―+α―



  あれからひと月が経ったが、歩遊はいまだ俊史とまともに話をしていない。
  最初こそ、歩遊は俊史がいつ怒り心頭でやって来るかと怯えていたが、思えば、その気があるならあの歩道橋で出会った時にとっくにやってきて然るべきだ。けれど俊史はあの時、歩遊を黙って見送ったし、その後も耀の家へ押しかけるどころか、歩遊にも何の連絡も寄越さなかった。耀も「俺が瀬能と話すから」と、はじめは電話なり訪問なりを続けたようだったが、いずれもまともな話はできなかったらしい。次第に耀も歩遊の前で俊史のことを話さなくなり、偶に口にすることがあっても、「いじけているんなら、放っておけばいいんだ」と腹立たしそうに呟く程度になった。

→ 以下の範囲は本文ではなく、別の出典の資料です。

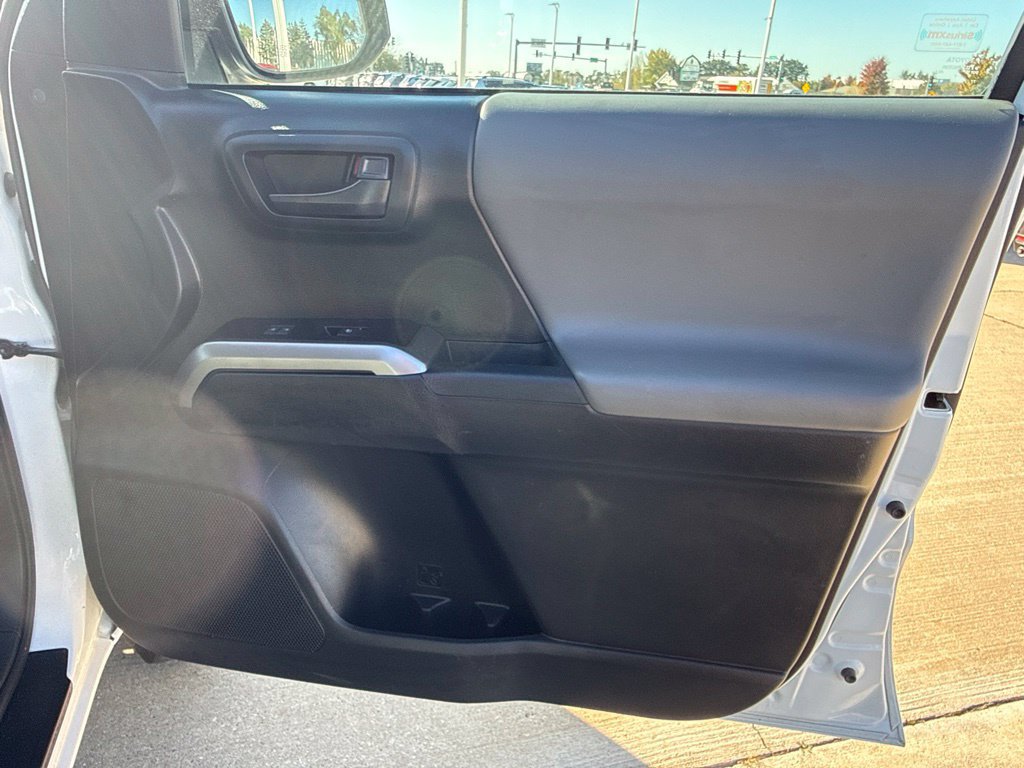 Certified 2022 Toyota Tacoma SR5 w/ Black Out Package (TMS) AWD/4WD image 22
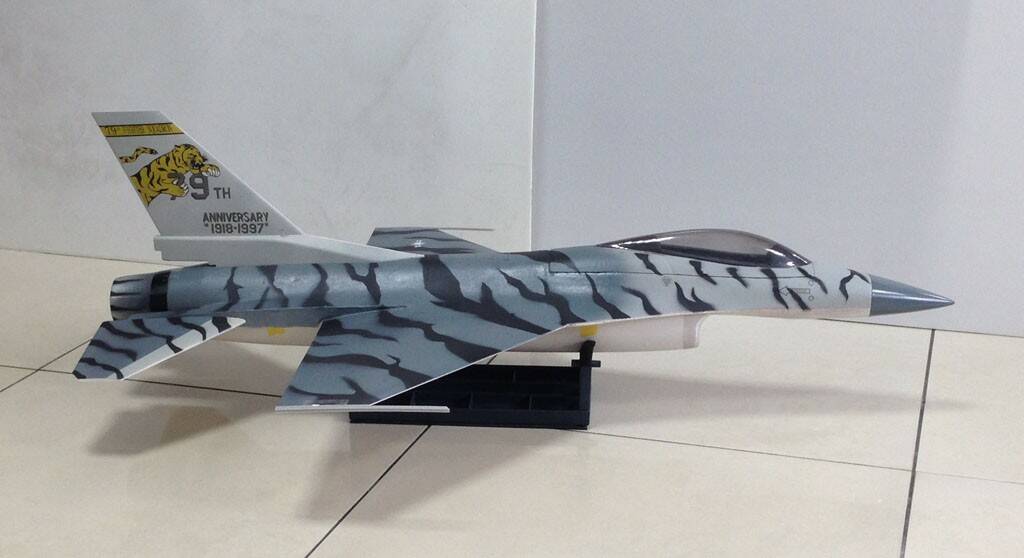 G-F-16-02.JPG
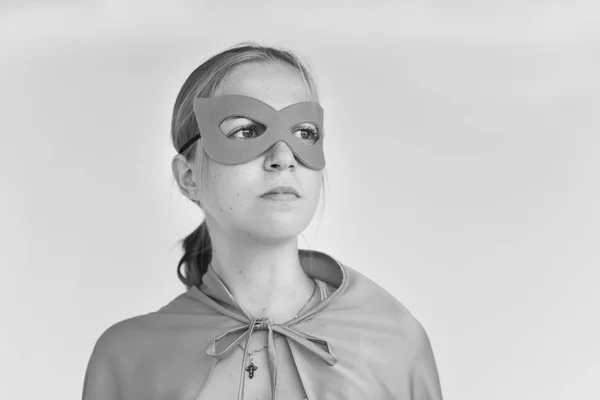 Noszenie kobieta maska superbohatera — Zdjęcie stockowe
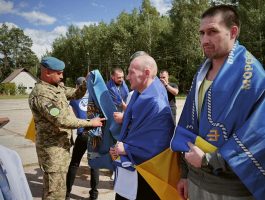 У День Незалежності Україна повернула з полону ще 10 воїнів – через Білорусь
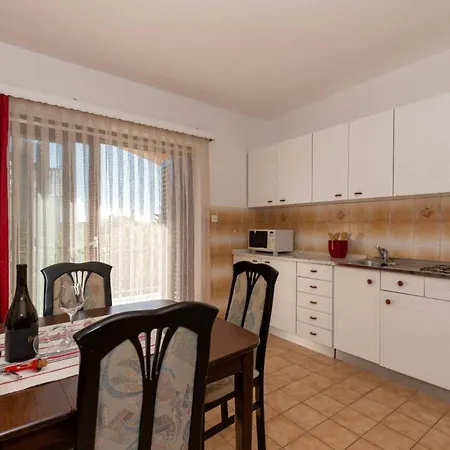 Three Bedroom In Biograd بيوغْغاد نا موغو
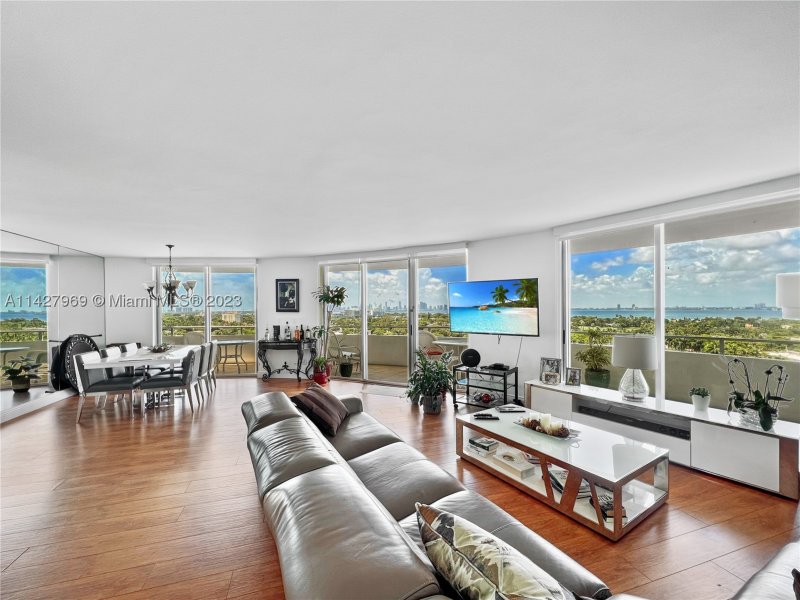 Comprar apartamento no Seacoast 5151 1523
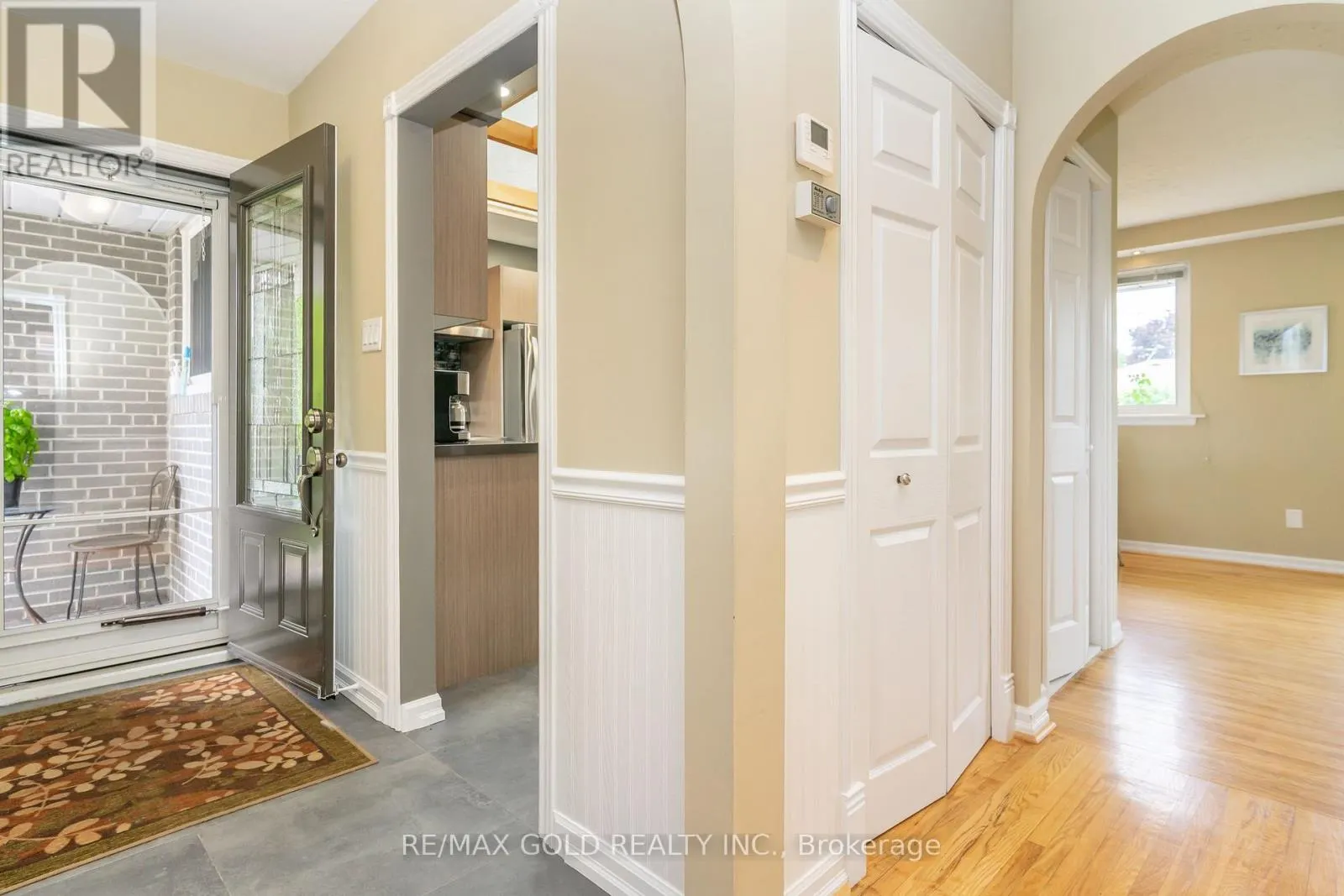 36 ALDERBURY CRESCENT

  歩遊は、あのマンションを出た当初こそ耀の家に邪魔していたが、耀に無駄な迷惑をかけたくないと、数日の後は実家へ帰った。そこから大学へ通うことにしたと言った歩遊に両親は何も言わなかったし、俊史の父親などはそれを歓迎して、「どうせくだらない喧嘩したんだろうけど、あいつのことなんか放っておけばいい」と歩遊を慰めた。
  放っておけばいい。
  それは耀も言った台詞だったけれど、実際歩遊はあれから俊史に何のアプローチも取らなかった。取れなかった、という方が正しいのかもしれないが、「取りたくない」と思う気持ちも本当だった。
  まだ、俊史と面と向って自分の気持ちを語る術がない。
  そしてそれは、実は俊史の方もそうなのかもしれなかった。あれから俊史を大学で見かけることはなくなった。意図的に歩遊を避けているのかもしれない。或いは、元々興味のなかった学部学科だ、歩遊との関係が切れている現在、そこへ通う意義を見いだせないのかもしれない。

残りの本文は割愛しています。